= Leigh Lisker =

American linguist

Leigh Lisker (December 7, 1918 – March 24, 2006) was an eminent American linguist and phonetician. Most of his career was spent at the University of Pennsylvania, where he was a professor and then emeritus professor of linguistics. Dr. Lisker received his A.B. in 1941, with a major in German, his M.A. in 1946, and a Ph.D. in 1949 in linguistics. He was a major figure in phonetics, working both at the University of Pennsylvania and at Haskins Laboratories in New Haven, CT, where he was a senior scientist from 1951 until the end of his life.
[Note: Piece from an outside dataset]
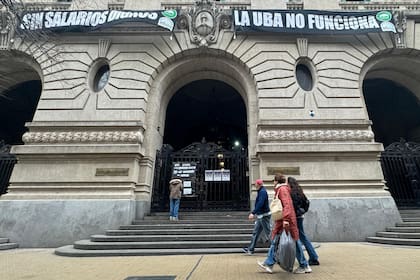 El colegio preuniversitario Nacional de Buenos Aires una vez más mantuvo sus puertas cerradas ante la movida de fuerza de los gremios que piden paritarias salariales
He collaborated with several phoneticians, principally Arthur S. Abramson . He is best known for his work, done mostly in conjunction with Abramson, on voice onset time. Dr. Lisker also made important contributions to Dravidian linguistics, including the book Introduction to Spoken Telugu (Telugu), and did research comparing phonetic and phonological perceptions on the part of linguistically naive and linguistically sophisticated speakers of different native language backgrounds. He conducted such studies in collaboration with Dr. Abramson of the University of Connecticut, Bh. Krishnamurti of University of Hyderabad, India, Adrian Fourcin of University College London, and Mario Rossi of the Institut de Phonétique at the Université de Provence, Aix-en-Provence.

==Selected publications==

- Lisker, L. Minimal cues for separating /w,r,l,y/ in intervocalic position. Word, 1957, 13, 257-267.
- Lisker, L. Linguistic segments, acoustic segments and synthetic speech. Language, 1957, 33, 370-374.
- Lisker, L., Cooper, F.S., & Liberman, A.M. The uses of experiment in language description. Word, 1962, 18, 82-106.
- Lisker, L. & Abramson, A.S. A cross-language study of voicing in initial stops: acoustical measurements. Word, 1964, 20, 384-422.
- Lisker, L. & Abramson, A.S. Distinctive features and laryngeal control. Language, 1971, 47, 767-785.
- Lisker, L. On time and timing in speech. In T.A. Sebeok (Ed.), Current Trends in Linguistics, Vol. 12, The Hague: Mouton, 1974, 2387-2418.
- Lisker, L. The pursuit of invariance in speech signals. JASA, 1985, 77, 1199-1202.
- Lisker, L. "Voicing" in English: A catalogue of acoustic features signaling /b/ versus /p/ in trochees. Language and Speech, 1986, 29, 3-11.